EXERCISE PROMPT: Copy, word for word, the lines below from the one containing "Today is HINAMATSURI" up to and including the one containing "Колдовская красота: костюм", with pictures left out.

LISTED RECORDS:
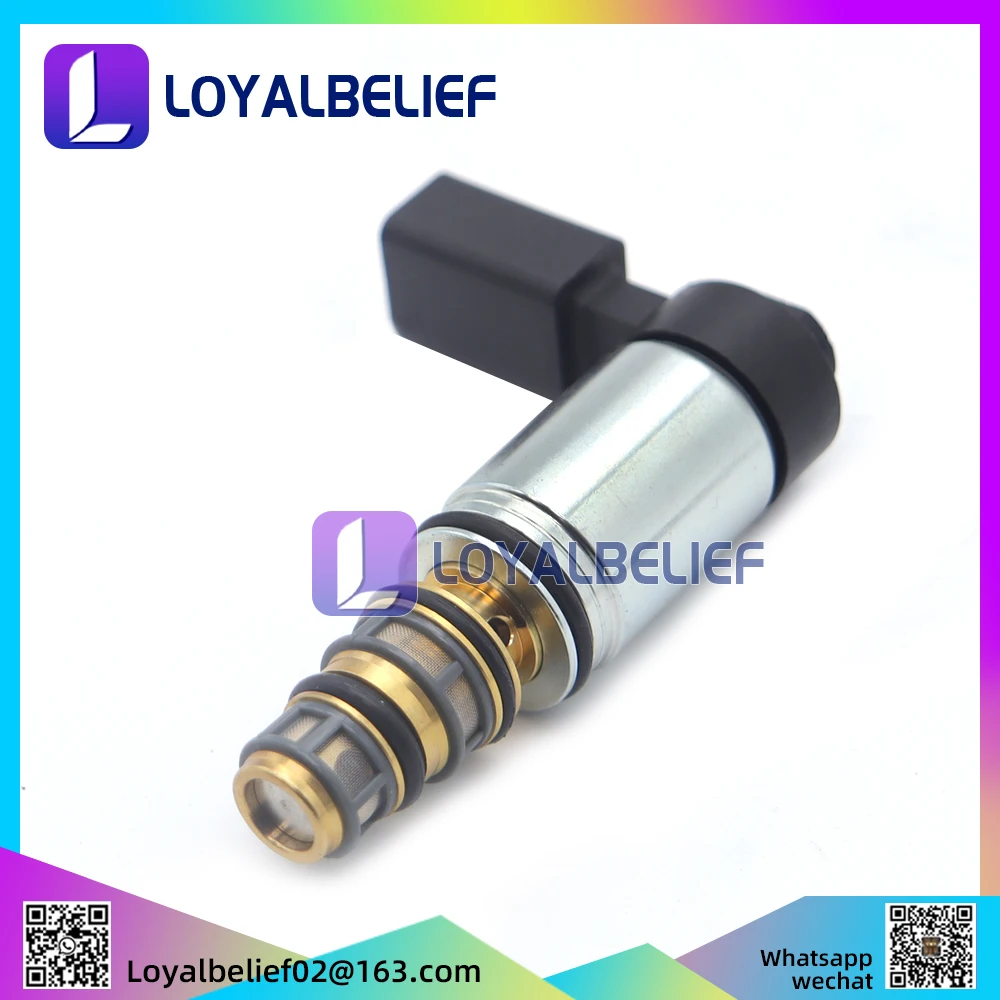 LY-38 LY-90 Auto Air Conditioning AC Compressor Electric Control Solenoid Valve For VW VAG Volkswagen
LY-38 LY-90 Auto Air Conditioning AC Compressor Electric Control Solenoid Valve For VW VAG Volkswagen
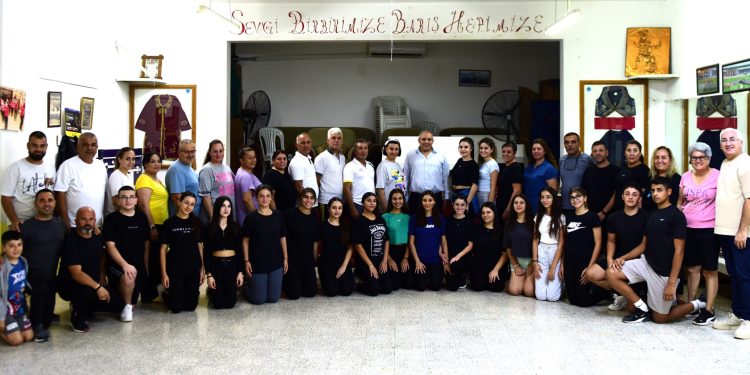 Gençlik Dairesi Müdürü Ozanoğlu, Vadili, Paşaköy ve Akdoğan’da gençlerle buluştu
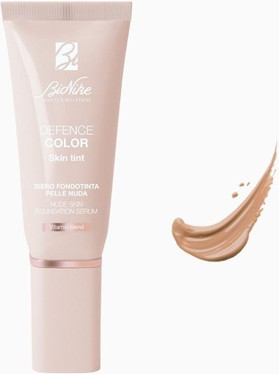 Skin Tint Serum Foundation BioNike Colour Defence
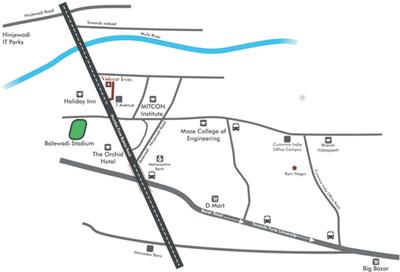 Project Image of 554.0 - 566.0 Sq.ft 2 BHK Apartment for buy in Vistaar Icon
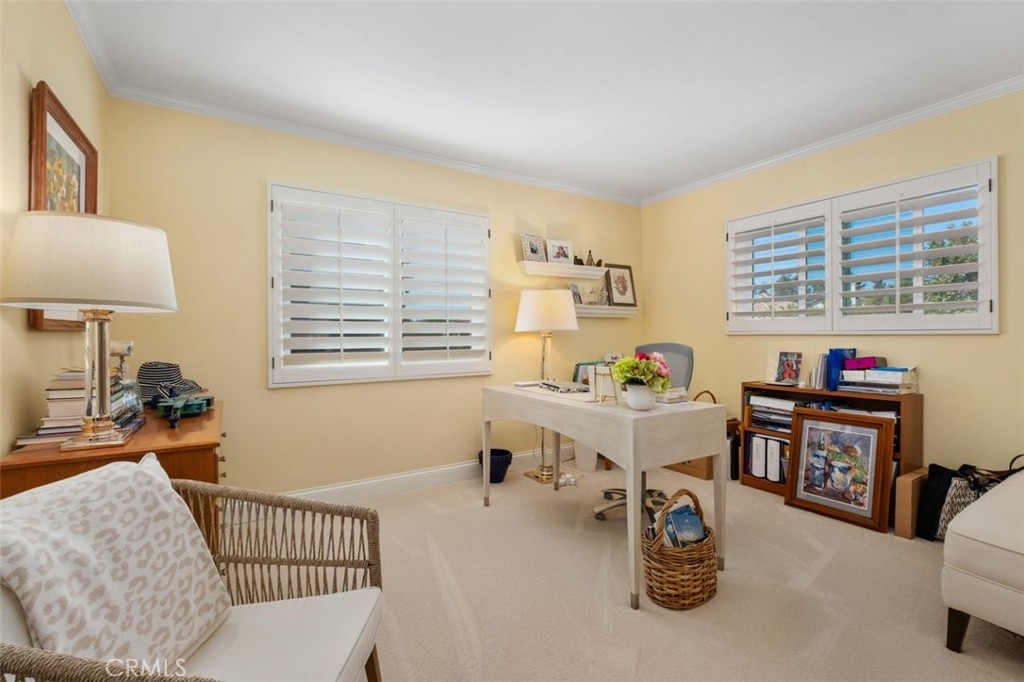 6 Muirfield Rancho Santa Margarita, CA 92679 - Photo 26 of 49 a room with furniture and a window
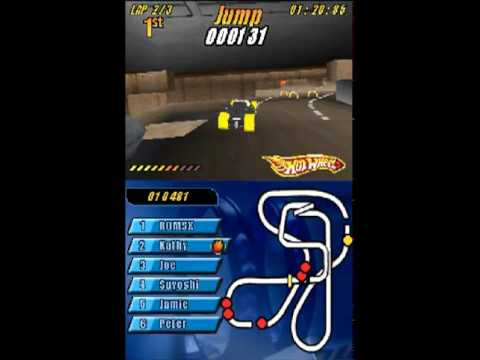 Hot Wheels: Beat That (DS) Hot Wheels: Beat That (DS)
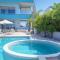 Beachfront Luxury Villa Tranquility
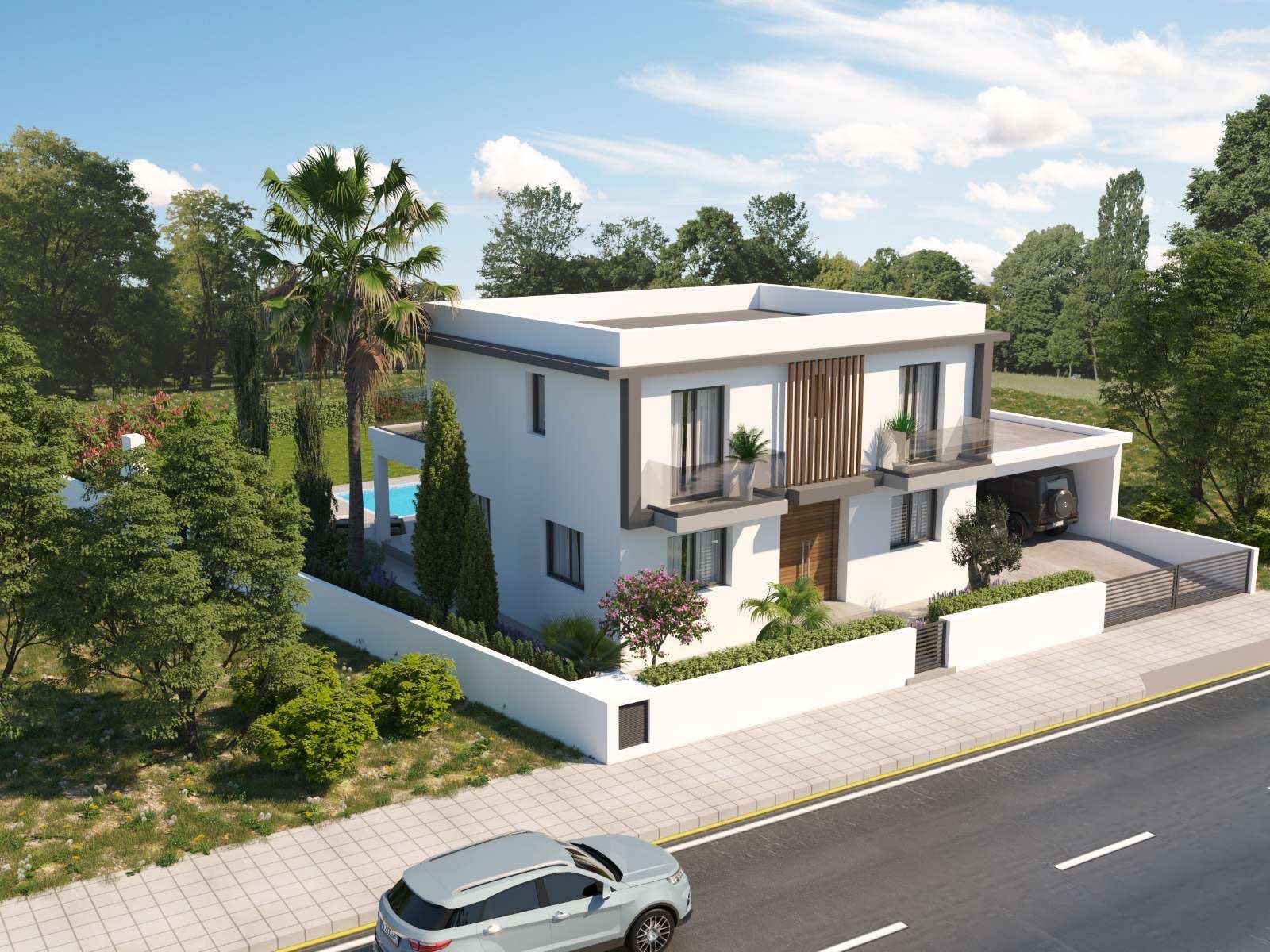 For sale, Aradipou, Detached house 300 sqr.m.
---
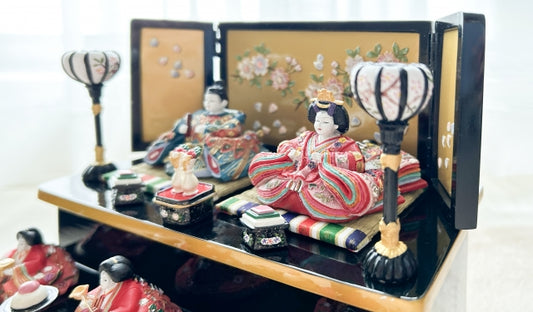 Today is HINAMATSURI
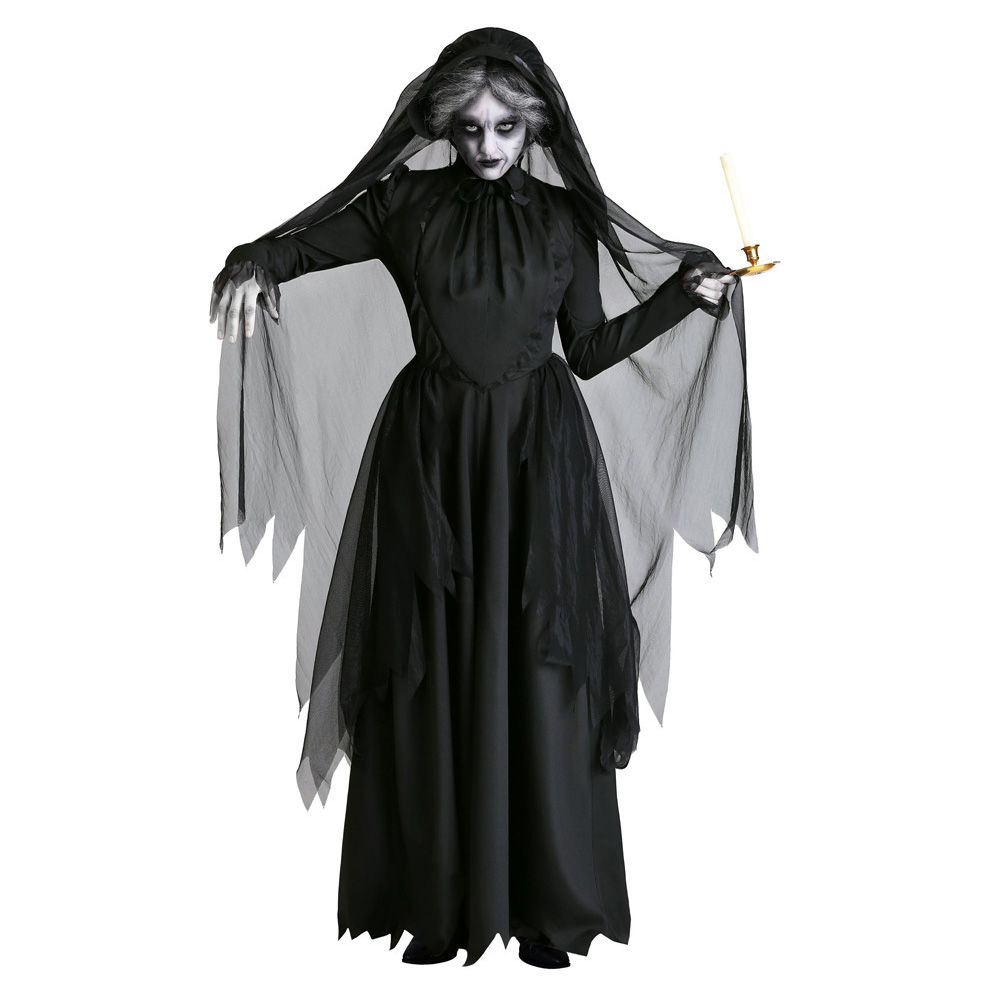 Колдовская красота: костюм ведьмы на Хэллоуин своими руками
* * *
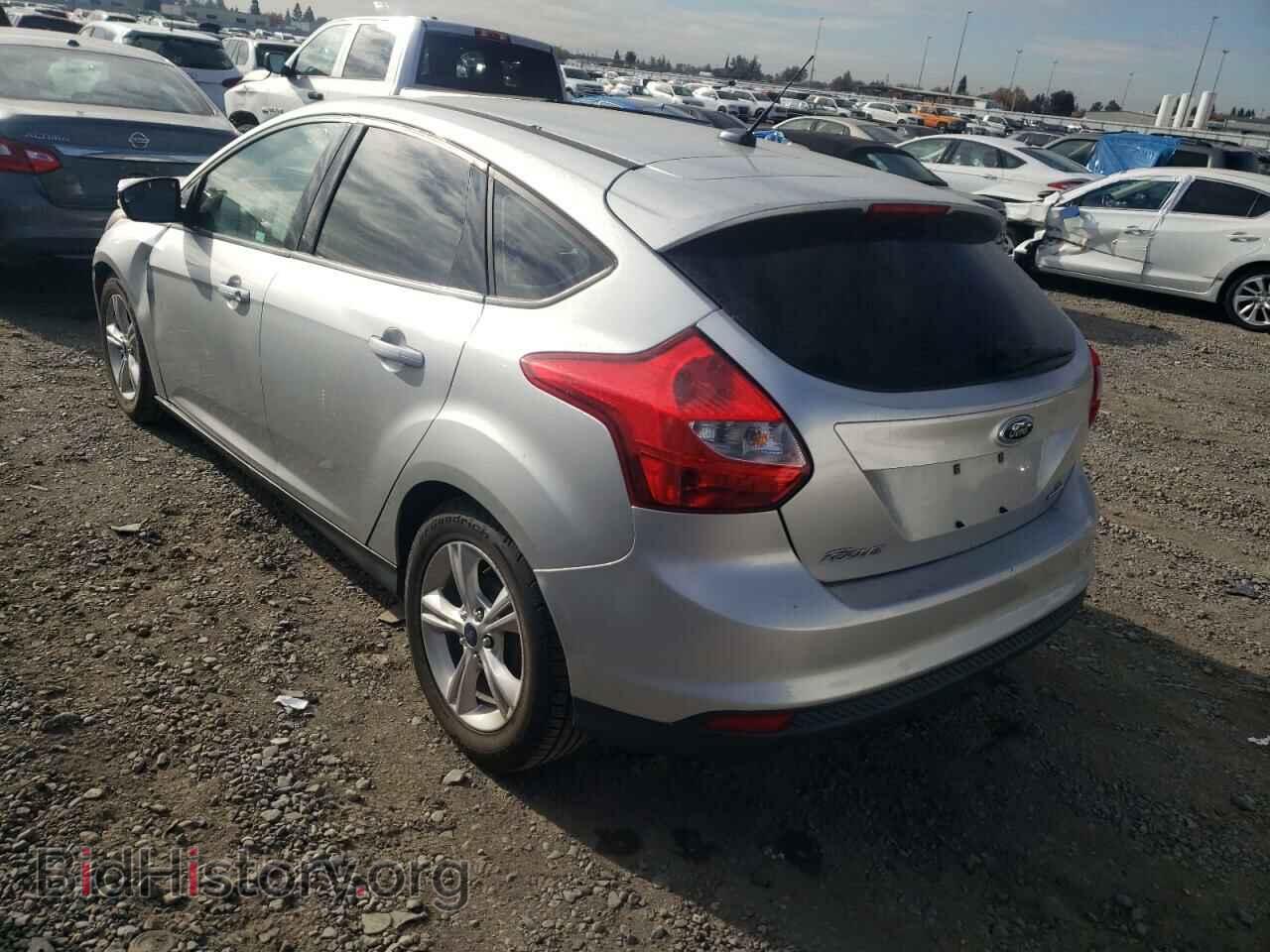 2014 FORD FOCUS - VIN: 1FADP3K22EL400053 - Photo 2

WRITTEN SOLUTION:
 Today is HINAMATSURI
 Колдовская красота: костюм ведьмы на Хэллоуин своими руками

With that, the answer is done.